Today I gave a clutter busting talk and a couple brought up their clutter situation. The man said that his wife had a lot of collections and he felt they were clutter. Specifically he challenged her porcelain doll collection which he said took up too much space in their living room, and he didn't like them, plus it made it hard to entertain guests.
The woman said that he was wrong, the dolls weren't a problem. She loved having them. She felt they weren't clutter and he needed to leave her alone about them. Then she began attacking his guitar collection. She said they took up space in the basement and it kept them from entertaining down there. He said the guitars weren't clutter and started in again on her doll collection.
They began to complain back and forth that the other person was wrong and they needed to get rid of their clutter, and to stop complaining about their own things. It was clear they had a lot of practice at it.

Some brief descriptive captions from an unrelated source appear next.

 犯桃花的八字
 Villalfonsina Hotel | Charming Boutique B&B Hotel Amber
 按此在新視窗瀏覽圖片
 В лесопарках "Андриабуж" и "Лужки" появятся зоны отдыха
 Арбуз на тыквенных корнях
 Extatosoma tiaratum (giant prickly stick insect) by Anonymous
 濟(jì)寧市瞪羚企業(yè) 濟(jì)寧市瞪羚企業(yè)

I asked them to stop talking about it. I said to the woman, "You like your dolls. He doesn't like them. You don't like to hear that. You're going to keep the dolls no matter what he says. You don't like his guitar collection. You think that by telling him this, it will help him get rid of the guitars. From experience you see that it's not working." I said to him, "You don't like her dolls and you tell her that with the feeling that doing so will make her get rid of them. She likes the dolls and gets angry when you tell her how you feel and she's not letting go of the dolls. You like the guitars. You don't like when she tells you she thinks they are clutter."

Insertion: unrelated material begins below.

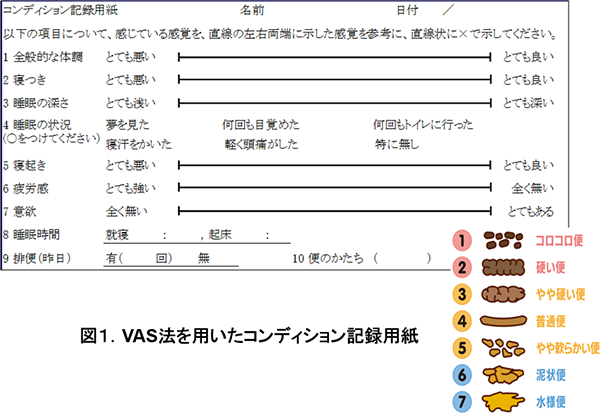 図.1 VAS法を用いたコンディション記録用紙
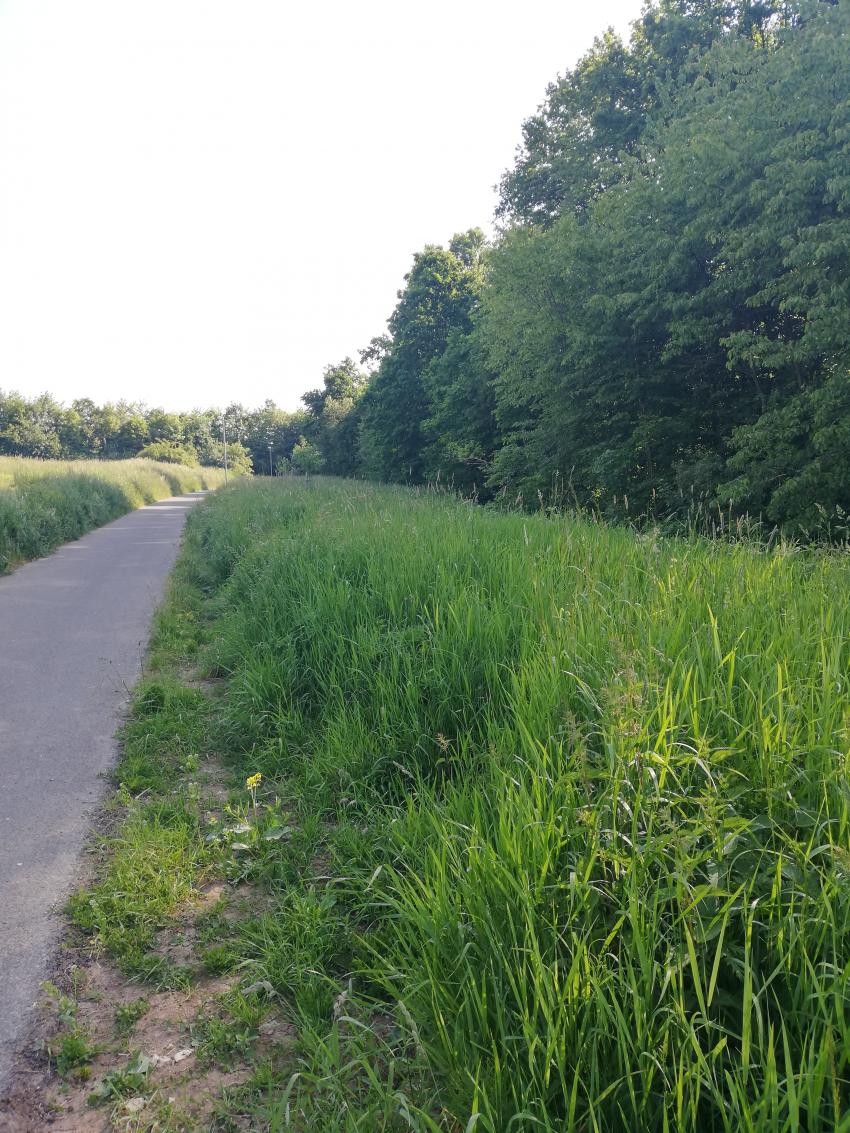 Ansicht der Teilfläche 1 im Mai 2023 vor der Maßnahmenumsetzung. Die Fläche zeigt sich grasdominiert und blütenarm.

I said to both of them, "You both have things that you like that your partner doesn't like. You can't make or convince the other person to get rid of their things. No one likes to be told what to do, and it never makes someone do what you want them to do. The clutter is this aspect of your relationship. You're dug in your trenches in opposition to each other. It hurts the relationship. Your relationship is a thing just as much as the dolls and the guitars. The way you talk with each other is clutter because it's not serving you or the relationship. Plus it makes you exhausted. When you were both complaining to me about each other, you looked tremendously weary and sad. If you could eliminate this way of talking with each other, you are letting go of clutter."
They again started in on each other about their things. I butted in and said, "That's the clutter I'm talking about. You are so used to it, that you don't notice the hold it has over you. You can't complain about each other this way anymore. It's detrimental to your peace of mind and to the health of your relationship. Seriously, you'll be a lot happier if you toss it and agree that you have things the other doesn't like...and recognize that you like each other. That's something you like in common. That's going to make you happier than getting the other person to toss something that's not as important as the two of you together."
They were quiet. I think they understood they were lucky to have each other in their life, and they didn't want to step on it anymore. Hopefully the understanding will get a chance to blossom when then get home.